# Toothless and Unemployed



## lglyn1 (Jun 10, 2015)

:frown2:I don't know what to do anymore but don't want to be in limbo and miserable anymore.

We sold our house and bought another one almost 6 hours away. I was to quit my job and find one closer to the new house. Unfortunately, my husband lost his job January of last year, the month before I was to quit my current job. 

I now live at a friend's place, work at the same city where we sold our home and pay all the bills for the new house until he finds a new job and we can pay off the big bills so I can afford to quit and find a job in the city where we moved to.
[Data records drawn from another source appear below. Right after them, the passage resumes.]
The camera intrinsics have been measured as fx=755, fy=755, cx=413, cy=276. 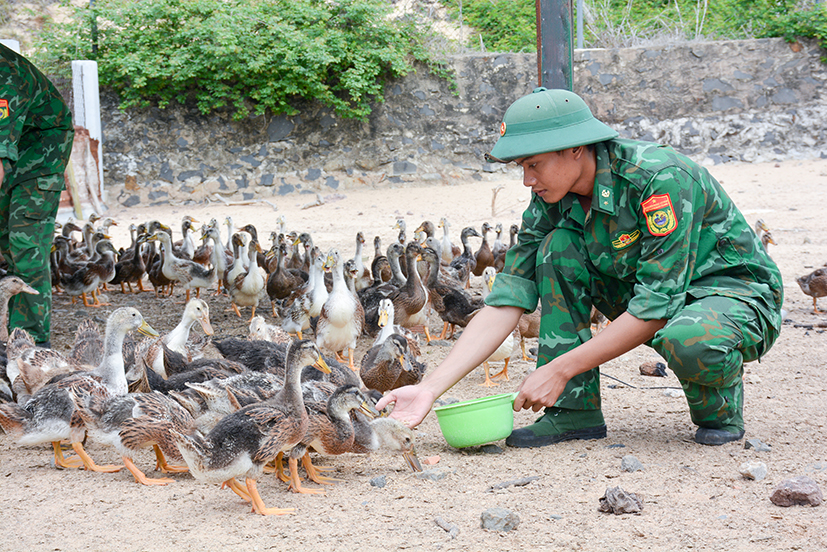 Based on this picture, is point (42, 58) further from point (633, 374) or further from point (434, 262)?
point (633, 374)

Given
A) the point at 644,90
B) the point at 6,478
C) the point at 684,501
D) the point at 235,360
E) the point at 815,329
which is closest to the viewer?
the point at 684,501

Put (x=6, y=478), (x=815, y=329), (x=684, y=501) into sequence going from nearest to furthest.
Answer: (x=684, y=501)
(x=6, y=478)
(x=815, y=329)

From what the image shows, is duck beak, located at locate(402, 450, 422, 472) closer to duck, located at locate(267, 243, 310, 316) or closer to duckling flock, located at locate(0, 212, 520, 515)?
duckling flock, located at locate(0, 212, 520, 515)

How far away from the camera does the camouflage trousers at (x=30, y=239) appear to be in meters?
5.60

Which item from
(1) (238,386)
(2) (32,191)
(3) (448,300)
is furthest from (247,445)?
(3) (448,300)

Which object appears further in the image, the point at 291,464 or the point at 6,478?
the point at 6,478

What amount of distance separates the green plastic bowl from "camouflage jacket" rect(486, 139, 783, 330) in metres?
0.50

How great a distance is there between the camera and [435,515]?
10.3 feet

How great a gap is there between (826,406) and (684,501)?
1.67m

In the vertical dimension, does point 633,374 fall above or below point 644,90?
below

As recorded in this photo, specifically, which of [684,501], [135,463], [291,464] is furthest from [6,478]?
[684,501]

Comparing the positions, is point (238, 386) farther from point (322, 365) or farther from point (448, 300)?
point (448, 300)

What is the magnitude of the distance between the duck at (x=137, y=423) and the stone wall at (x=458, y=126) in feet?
42.2

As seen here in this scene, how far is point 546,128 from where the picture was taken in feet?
10.9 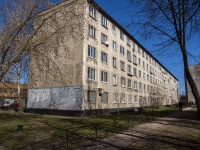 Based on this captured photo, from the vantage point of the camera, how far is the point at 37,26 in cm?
1266

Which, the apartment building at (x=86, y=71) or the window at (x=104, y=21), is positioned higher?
the window at (x=104, y=21)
Three months later he had all his teeth removed and got dentures. He had really bad and crooked teeth and was tired of dealing with them. He asked me about having it done and I flat out told him I had no problem with it so long as he wore them. His mother never wears her's and I find that absolutely disgusting. He knows this also.

He does not wear them. I cannot kiss him on the mouth as it turns my stomach to stick my tongue in a toothless mouth! I also don't like to watch him gum food to death or talk without his teeth. He says they are uncomfortable and won't stay in. I tell him he needs to go back to the dentist and get them refitted. He says I don't understand as I still have all my teeth. We had a huge fight about it in August last year.

It is now almost 18 months later and he still does not have a job and still does not wear his teeth. He is also still insisting that I take care of everything like I did when he was out of country because "he doesn't want to be bothered with it."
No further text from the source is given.